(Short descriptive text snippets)
--*--
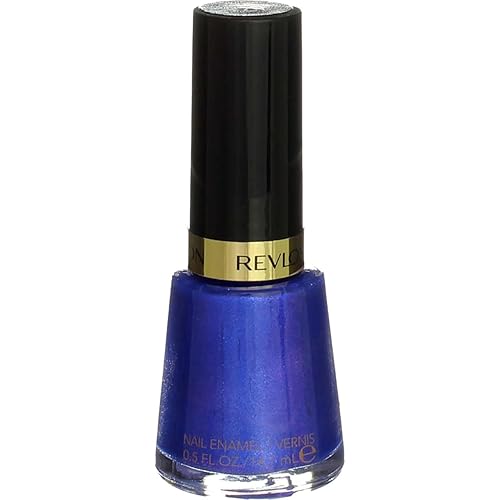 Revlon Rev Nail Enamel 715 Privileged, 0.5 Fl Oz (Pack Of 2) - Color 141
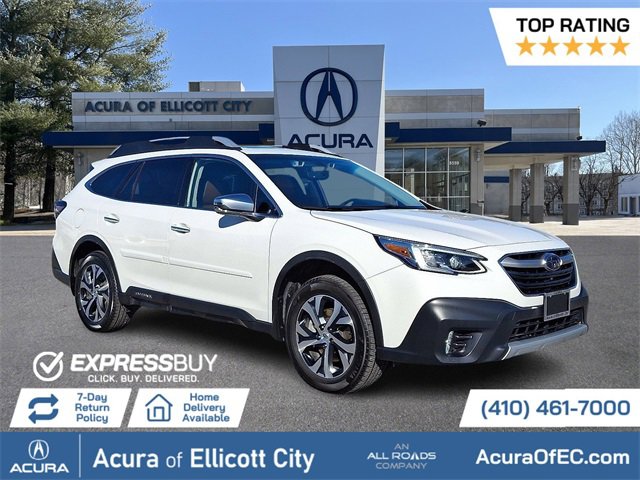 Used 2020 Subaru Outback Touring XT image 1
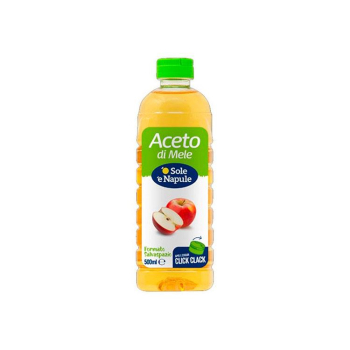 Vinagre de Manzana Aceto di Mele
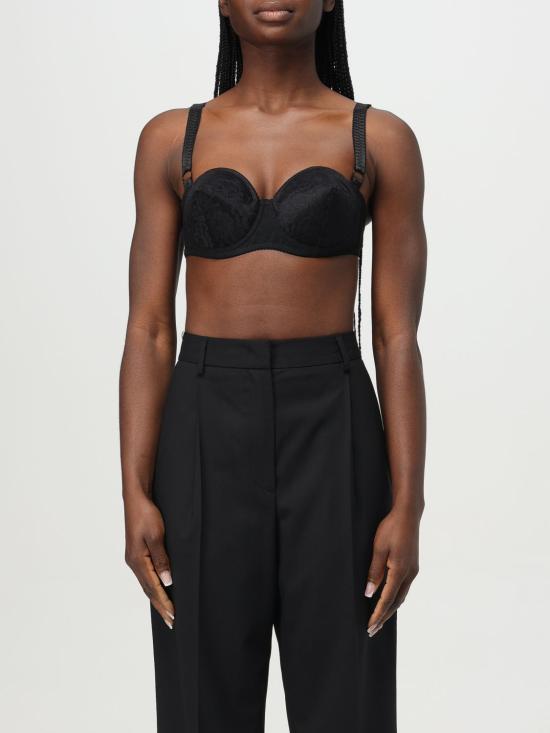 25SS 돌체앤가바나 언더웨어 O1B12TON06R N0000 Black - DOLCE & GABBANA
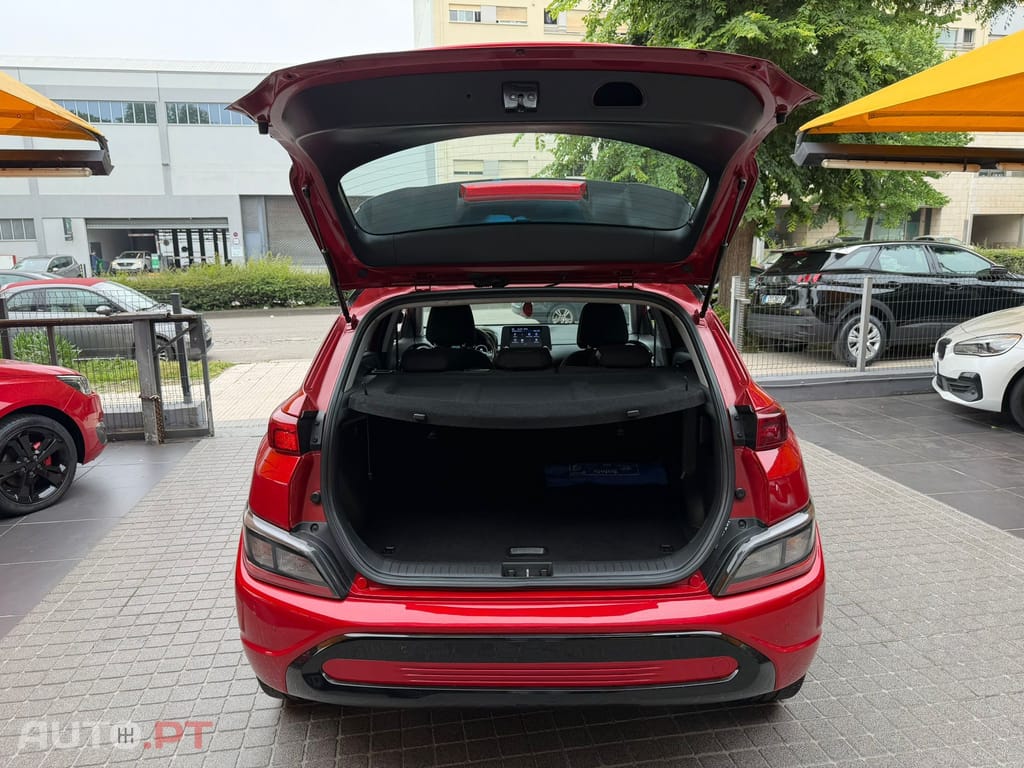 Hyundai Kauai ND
--*--
### BRIEF
Please make an exact copy of the records, leaving out any picture.

### ANSWER FOR THE TASK
 Revlon Rev Nail Enamel 715 Privileged, 0.5 Fl Oz (Pack Of 2) - Color 141
 Used 2020 Subaru Outback Touring XT image 1
 Vinagre de Manzana Aceto di Mele
 25SS 돌체앤가바나 언더웨어 O1B12TON06R N0000 Black - DOLCE & GABBANA
 Hyundai Kauai ND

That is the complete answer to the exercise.